WHAT THIS TASK INVOLVES: Look below for the line that has "PALLET OF MOTORS"; output exactly from it through the line that has "Linkstar Bi-Color LED", and leave the pictures out.

DATASET CONTENT:
========

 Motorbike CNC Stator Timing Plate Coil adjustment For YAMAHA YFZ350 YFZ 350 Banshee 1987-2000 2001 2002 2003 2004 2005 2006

========

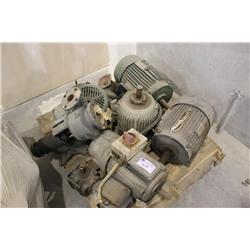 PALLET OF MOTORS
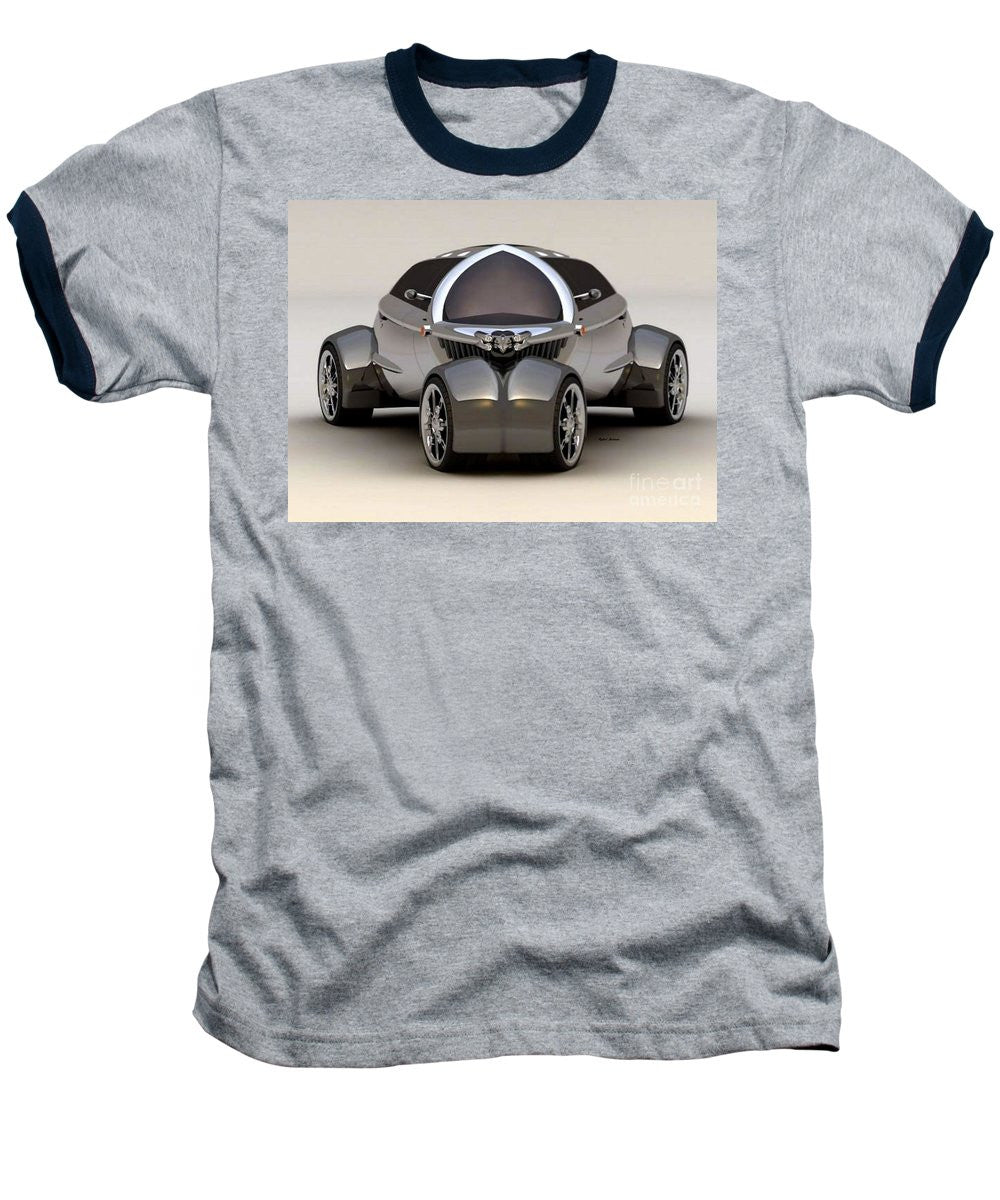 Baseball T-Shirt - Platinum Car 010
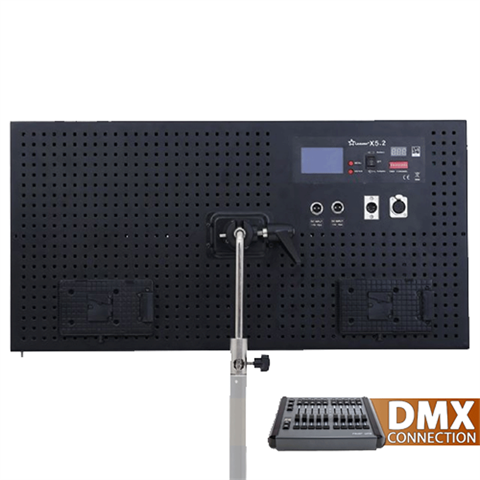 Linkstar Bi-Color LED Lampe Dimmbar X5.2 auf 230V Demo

========

ANSWER SECTION:
 PALLET OF MOTORS
 Baseball T-Shirt - Platinum Car 010
 Linkstar Bi-Color LED Lampe Dimmbar X5.2 auf 230V Demo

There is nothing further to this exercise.